_Data_:
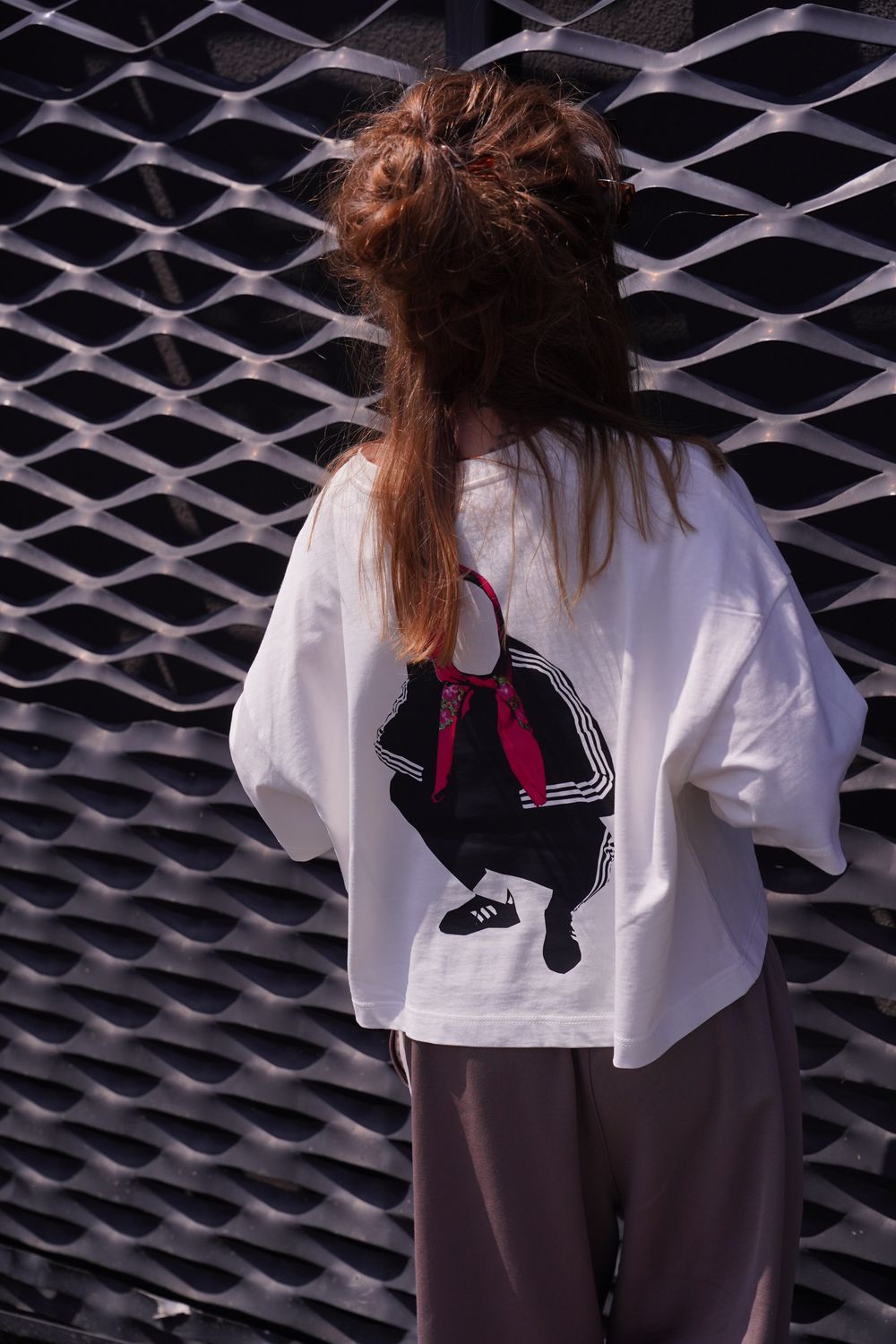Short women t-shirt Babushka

--

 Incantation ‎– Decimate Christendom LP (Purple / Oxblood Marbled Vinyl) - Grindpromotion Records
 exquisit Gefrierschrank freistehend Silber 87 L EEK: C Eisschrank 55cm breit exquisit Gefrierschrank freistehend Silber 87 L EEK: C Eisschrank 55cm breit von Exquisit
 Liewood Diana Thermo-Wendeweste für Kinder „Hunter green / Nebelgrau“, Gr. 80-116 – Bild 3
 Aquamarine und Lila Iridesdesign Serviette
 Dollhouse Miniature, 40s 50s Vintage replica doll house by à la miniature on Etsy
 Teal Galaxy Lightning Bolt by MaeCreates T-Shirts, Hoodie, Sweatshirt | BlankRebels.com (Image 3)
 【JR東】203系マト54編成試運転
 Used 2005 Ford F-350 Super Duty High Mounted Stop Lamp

---

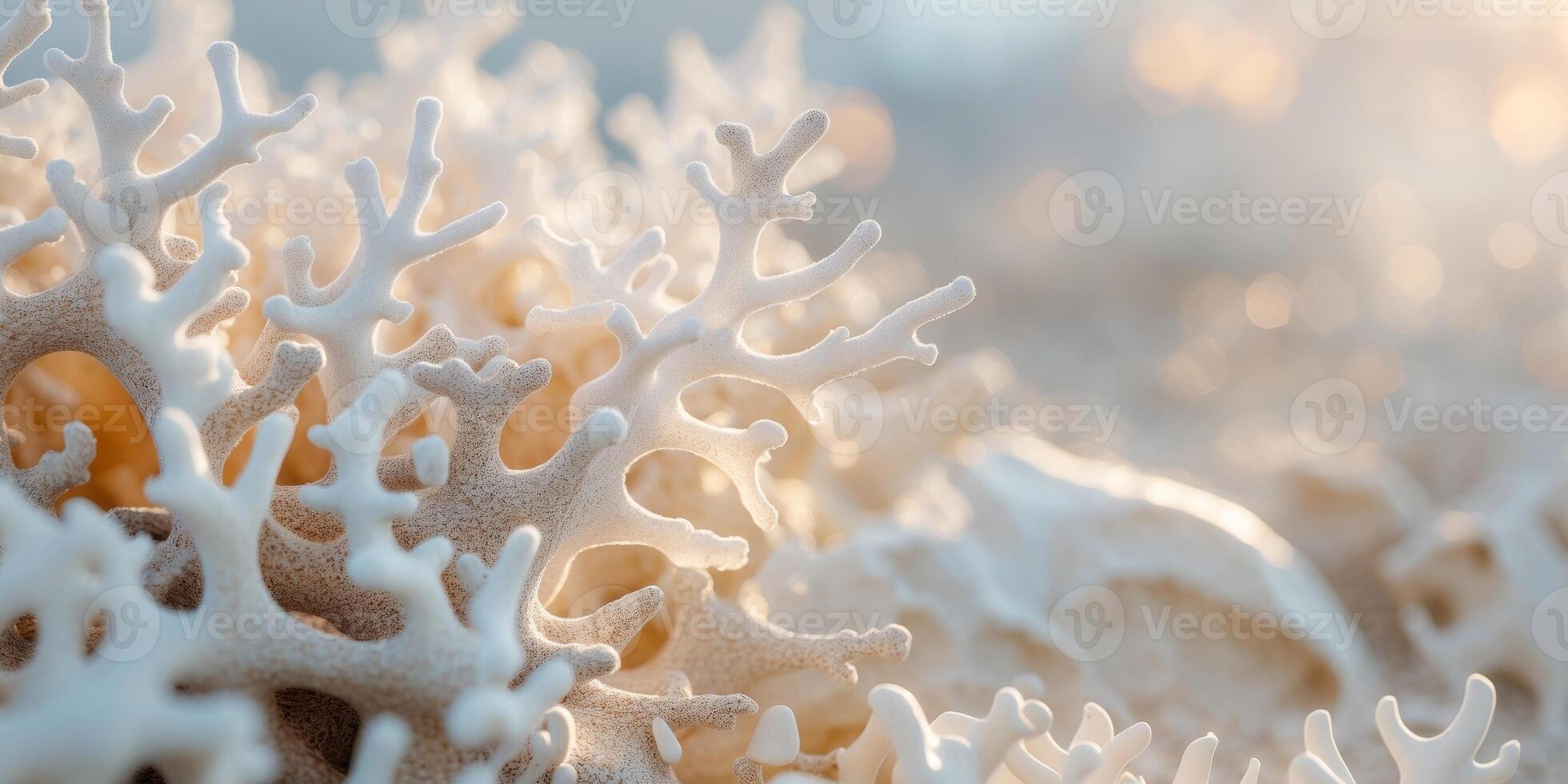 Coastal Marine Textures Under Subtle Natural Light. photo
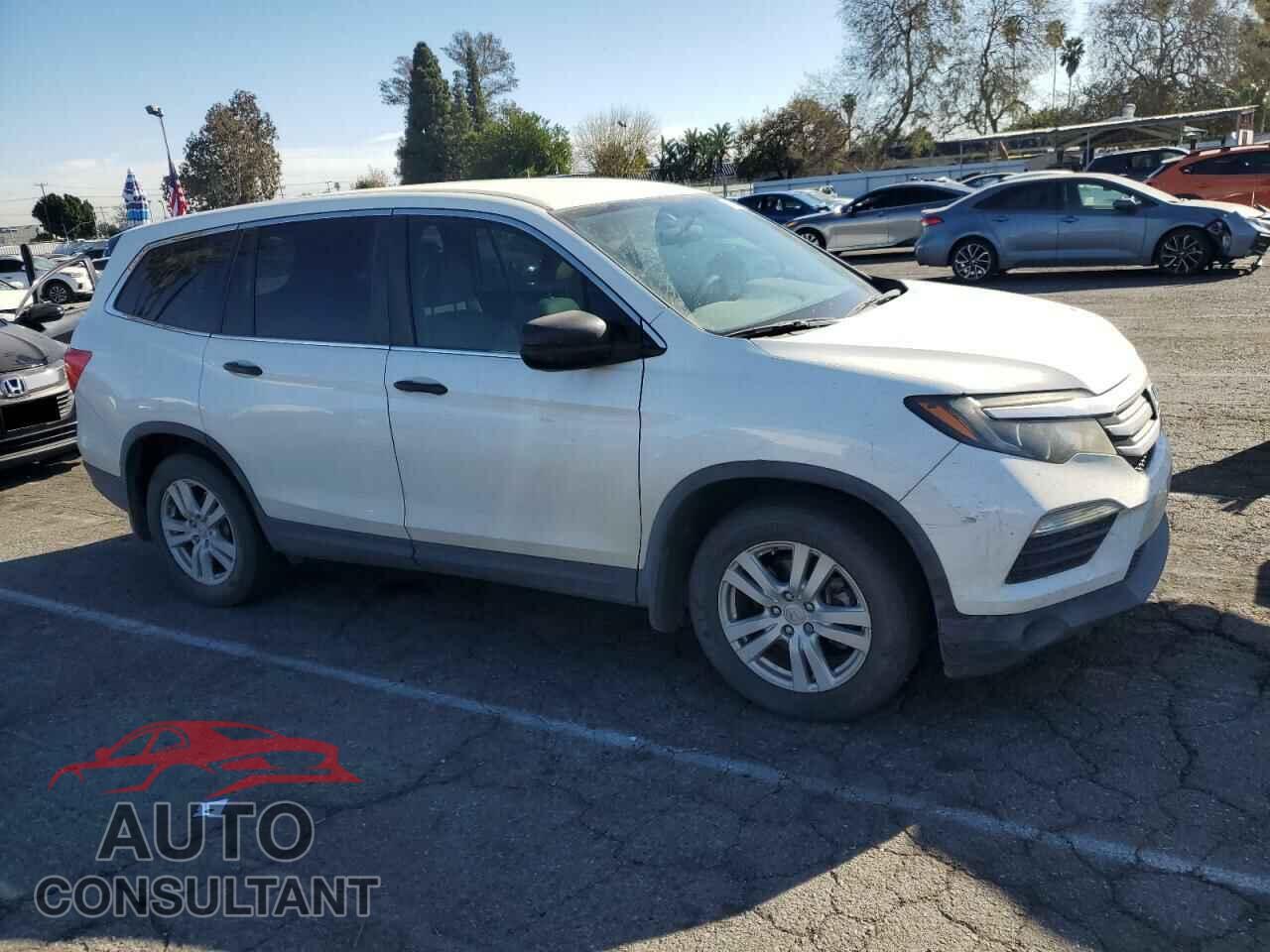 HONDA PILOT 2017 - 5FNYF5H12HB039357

_Problem to solve_:
Restate word for word the lines of the data above, starting at the line containing "breit von Exquisit" and ending at the line containing "Used 2005 Ford", both included, and nothing more.

_Exercise output_:
 exquisit Gefrierschrank freistehend Silber 87 L EEK: C Eisschrank 55cm breit exquisit Gefrierschrank freistehend Silber 87 L EEK: C Eisschrank 55cm breit von Exquisit
 Liewood Diana Thermo-Wendeweste für Kinder „Hunter green / Nebelgrau“, Gr. 80-116 – Bild 3
 Aquamarine und Lila Iridesdesign Serviette
 Dollhouse Miniature, 40s 50s Vintage replica doll house by à la miniature on Etsy
 Teal Galaxy Lightning Bolt by MaeCreates T-Shirts, Hoodie, Sweatshirt | BlankRebels.com (Image 3)
 【JR東】203系マト54編成試運転
 Used 2005 Ford F-350 Super Duty High Mounted Stop Lamp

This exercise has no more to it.